Why should he plough his land for other men to spoil? While he was watching his corn grow ripe, the khan of Crim Tartary, stung by some insult from the duke, might spur out rapidly from his luxurious camp at Bakchi Serai, and, sweeping through the plains from Perekop to Moscow, waste his fields with fire.
Like causes produce like effects. Nomadic lords produce nomadic slaves. The Russian peasant became a vagabond, just as the Syrian fellah becomes a vagabond, when from year to year his crops have been plundered by the Bedouin tribes.
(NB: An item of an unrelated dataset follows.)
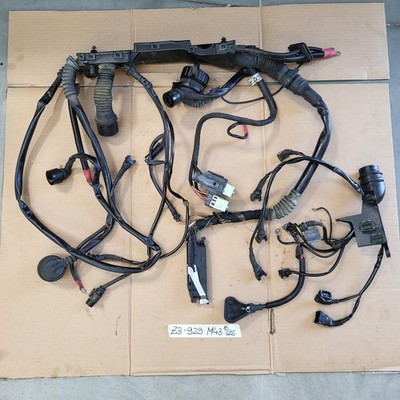 BMW Z3 Kabelbaum Motor Zündmodul Bosch Motor Kabel M43 / 87 Kw 118 PS 1743929 – Bild 1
When Ivan the Fourth, having learned from the Tartar Begs how to rule and fight, broke up the khanates of Kazan and Astrakhan, and ventured to defy the lord of Bakchi Serai, he found himself an independent prince at the head of a country, rich in soil, in capital, and in labor, but with fields deserted, villages destroyed, populations scattered, and public roads unsafe. The land was not unpeopled; but the peasants had lost their sense of home, and the mujiks wandered from town to town. Labor was dear in one place, worthless in another. Half the land, even in the richer provinces, lay waste; and every year some district was scourged by famine, and by the epidemics which follow in the wake of famine. How were the peasants to be "fixed" upon the land?
For seventy years this question troubled the court in the Kremlin, even more than that court was troubled by Church controversy, Tartar raid, and family strife; although within this period of seventy years St. Philip was murdered, the Great Cham burnt a portion of Moscow, Dimitri the legitimate heir was killed, and Boris Godounof usurped the throne. Ivan the Fourth tried hard to induce his people to return upon their lands; by giving up many of the crown estates; by building villages at his own expense; by coaxing, thrashing, forcing his people into order. Even if this reformer never used the term serf (krepostnoi, a man "fixed" or "fastened,)" he is not the less—for good and ill—the author of that Russian serfage which is passing away before our eyes.